Marais et humains : un destin commun
par Jean-Michel Derex

Des marais jadis drainés par des canaux régulièrement curés sont aujourd’hui abandonnés. Sur cette déprise agricole, la végétation reconquiert ses droits. Ici, les traces humaines se perdent vite. La disparition de pratiques ancestrales (pâturages, fauche, cueillette…) produit d’inextricables bois humides ponctués de larges plages de roselières et de prairies marécageuses : depuis 1945, on passe d’un marais nu à un marais boisé, d’un paysage ouvert à un paysage fermé.

À mesure que les êtres humains abandonnent leurs activités traditionnelles, des marchés de substitution se développent et le tourisme de masse investit ces lieux. La chasse sur les littoraux, mais aussi à l’intérieur des terres, a complètement transformé certains pays de marais. Enfin, des productions spéculatives – sel, riz – s’y sont installées, notamment en Camargue.

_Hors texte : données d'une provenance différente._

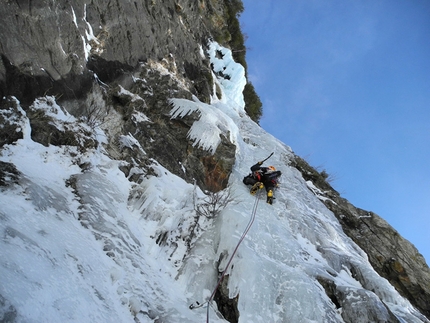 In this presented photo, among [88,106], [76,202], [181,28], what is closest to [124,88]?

Dans le loisir (chasse ou tourisme) comme dans la production (sel, riz, élevage, huîtres), ces pays de marais sont vus comme des espaces hors du monde citadin et industriel, presque intemporels. On n’y voit qu’une nature quasi vierge sans en connaître les racines ou le passé. Les marais côtiers, espaces de labeur jadis inquiétants et redoutés, sont devenus à nos yeux contemporains des lieux de plaisir. Le temps des côtes fortifiées, militaires et conflictuelles, de Colbert au mur de l’Atlantique, est obsolète, faute d’ennemi. La Camargue, le Marais poitevin et les Marais de la Somme sont devenus le complément esthétique, l’annexe ludique, la caution culturelle des stations balnéaires voisines : la Brière et La Baule, la Camargue et La Grande-Motte. Un voile a été jeté sur ces espaces au point qu’on a oublié les raisons de leur création et de leur existence. Il faut donc faire un effort pour vraiment regarder les pays de marais, pour percer leurs secrets, pour sonder leurs héritages séculaires.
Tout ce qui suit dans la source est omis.